--- RECORDS SUPPLIED ---
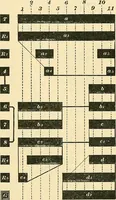 An illustration from [Electric engineering.] (1902)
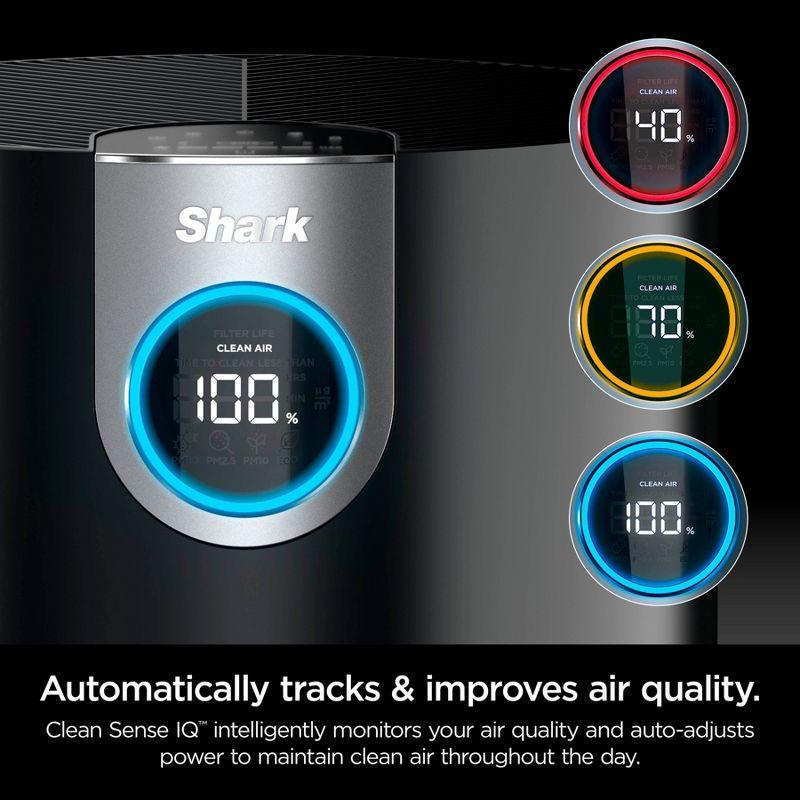 Shark Air Purifier MAX with True NanoSeal HEPA, Cleansense IQ, Odor Lock, Cleans up to 1200 Sq. Ft, Charcoal Gray, HP202: Programmable Timer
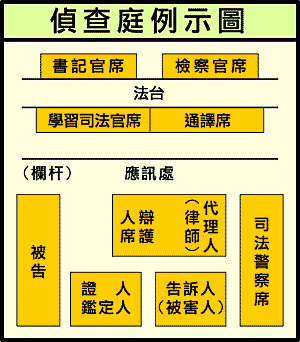 偵查庭例示圖，詳細說明如下。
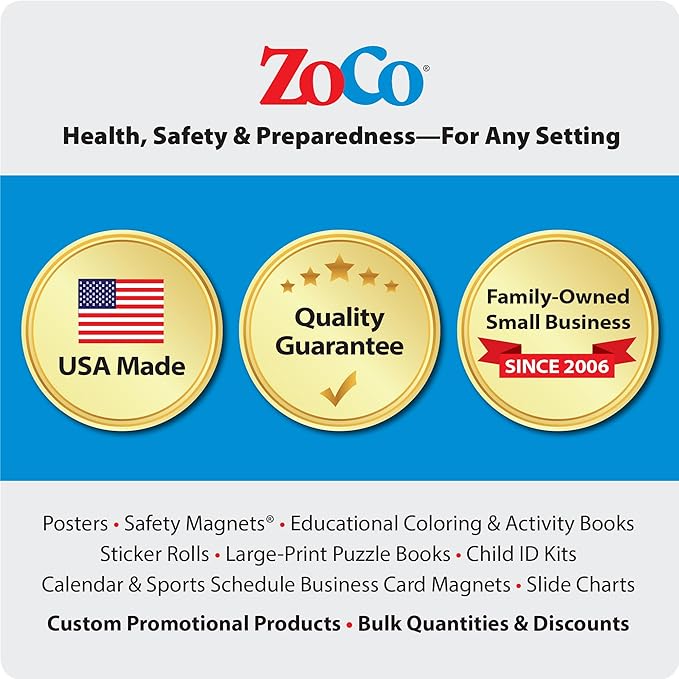 ZOCO – 10 Ways to Manage Stress – SEL & Mindfulness Poster for Teens (2-Pack) Laminated 17x22 – School Counselor & Therapy Office Decor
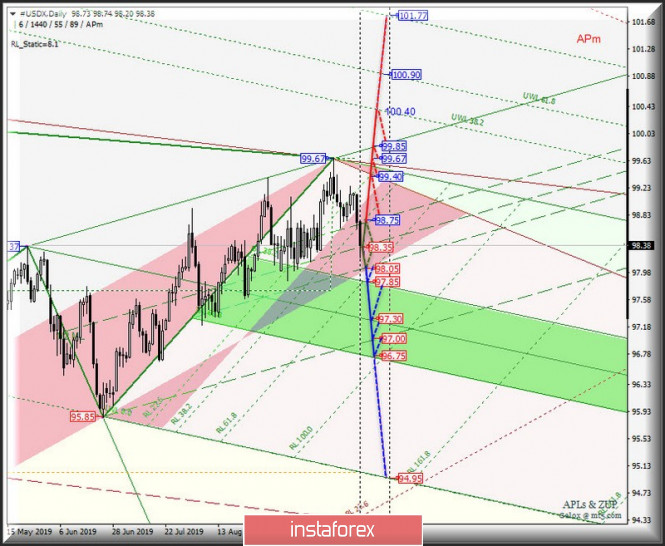 Курс валюты на 11.10.2019 analysis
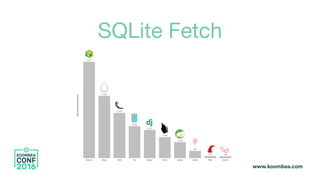 SQLite Fetch
 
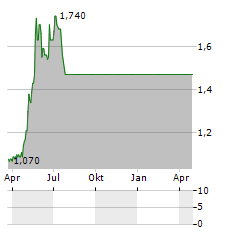 CHINA MERCHANTS CHINA DIRECT INVESTMENTS Aktie Chart 1 Jahr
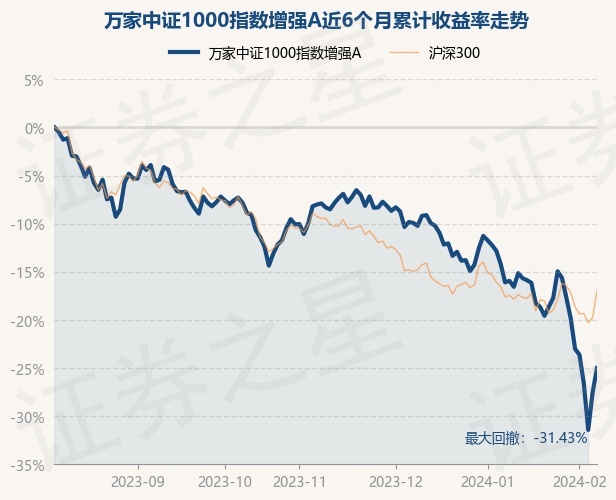 证券综合指数(证券综合指数是什么意思)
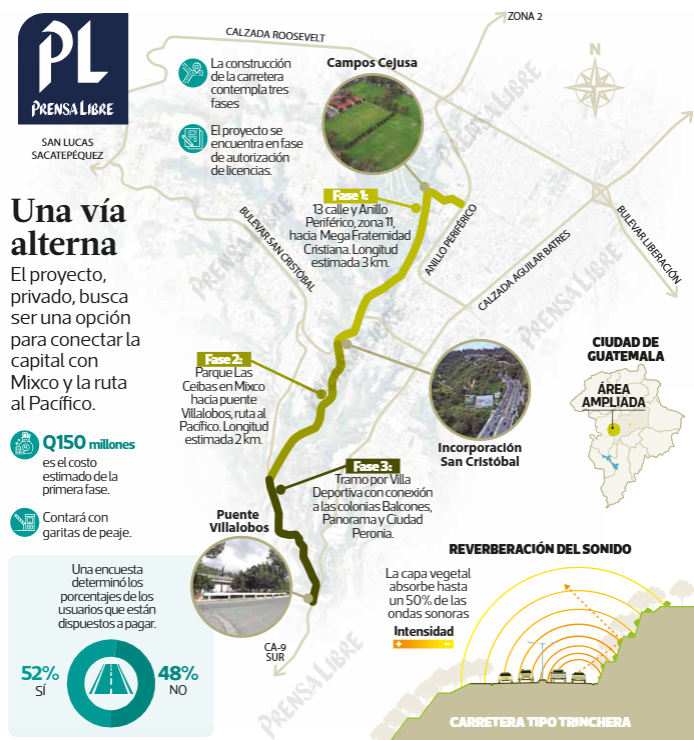 300 Millones para construir una carretera destruyendo un corredor de biodiversidad en una importante cuenca de la ciudad.
Se lograría más, con menos inversión, sin destrucción si dejaran de pensar en el carro como única forma de moverse en esta ciudad maldita.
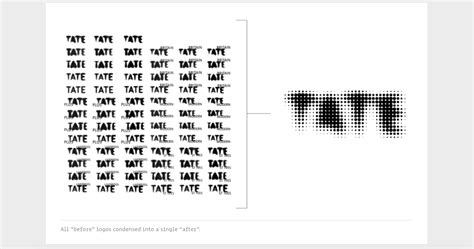 tate  premiere art museum brand architecture signage  museum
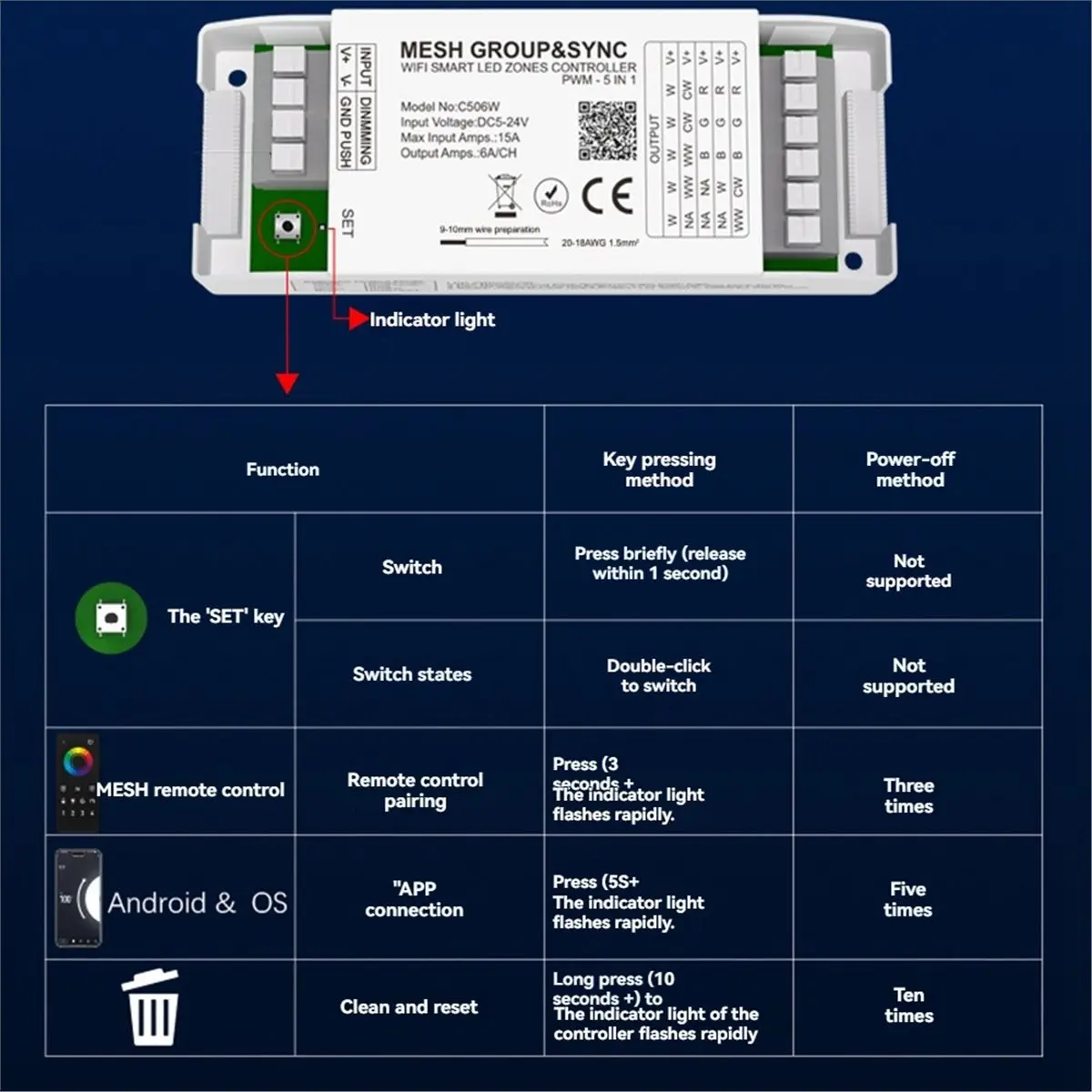 ABIU 5 in 1 Tuya Controller Smart LED Dimmer Press Terminal 2.4G RF Remote Smart Life APP Control RGBCW Strip Light MC506W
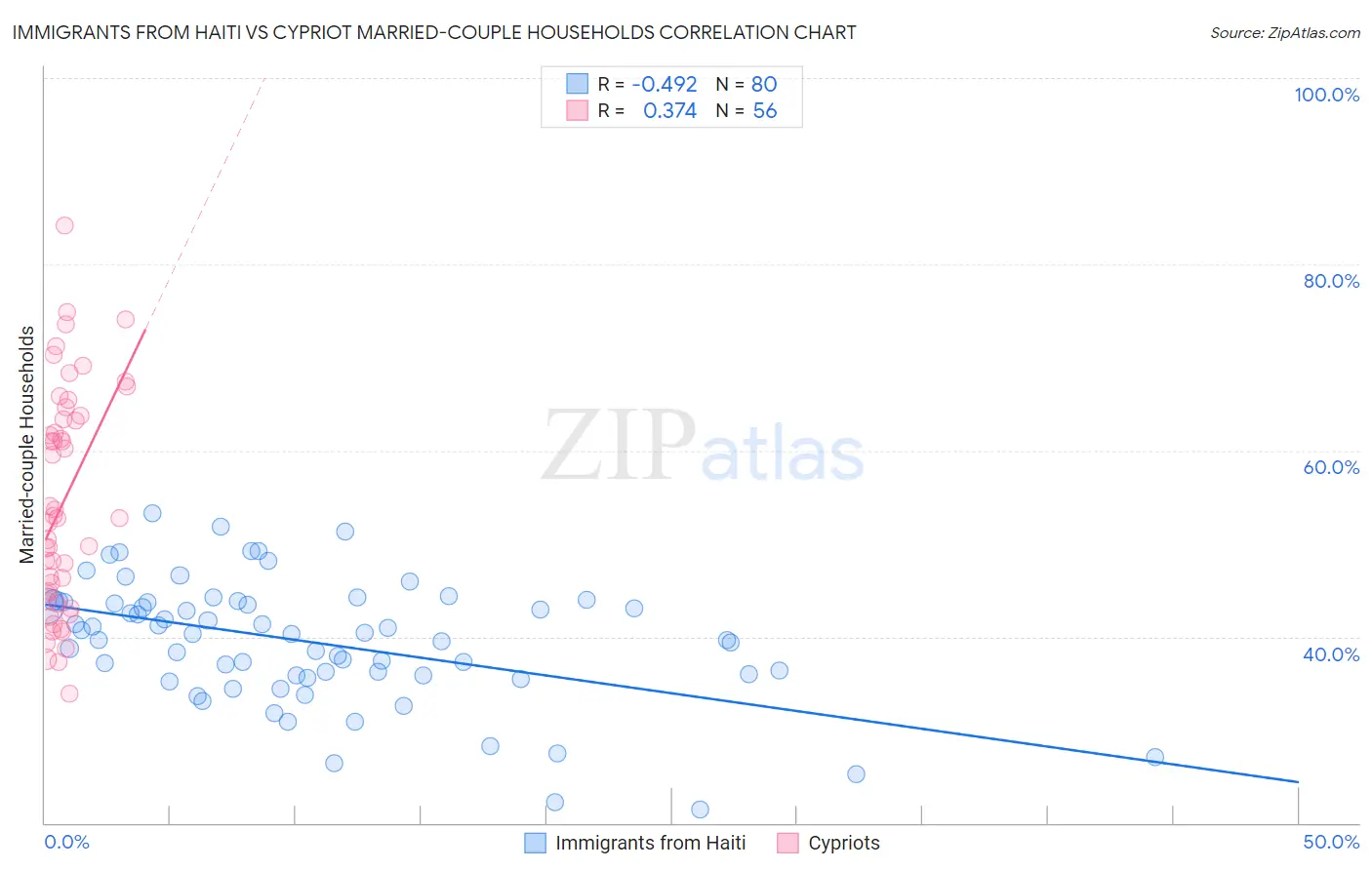 Immigrants from Haiti vs Cypriot Married-couple Households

--- YOUR ASSIGNMENT ---
In the copy, include exactly the lines from the one with "偵查庭例示圖，詳細說明如下。" through the final line of the data, both ends included, and no pictures.

--- EXERCISE OUTPUT ---
 偵查庭例示圖，詳細說明如下。
 ZOCO – 10 Ways to Manage Stress – SEL & Mindfulness Poster for Teens (2-Pack) Laminated 17x22 – School Counselor & Therapy Office Decor
 Курс валюты на 11.10.2019 analysis
 SQLite Fetch
 
 CHINA MERCHANTS CHINA DIRECT INVESTMENTS Aktie Chart 1 Jahr
 证券综合指数(证券综合指数是什么意思)
 300 Millones para construir una carretera destruyendo un corredor de biodiversidad en una importante cuenca de la ciudad.
Se lograría más, con menos inversión, sin destrucción si dejaran de pensar en el carro como única forma de moverse en esta ciudad maldita.
 tate  premiere art museum brand architecture signage  museum
 ABIU 5 in 1 Tuya Controller Smart LED Dimmer Press Terminal 2.4G RF Remote Smart Life APP Control RGBCW Strip Light MC506W
 Immigrants from Haiti vs Cypriot Married-couple Households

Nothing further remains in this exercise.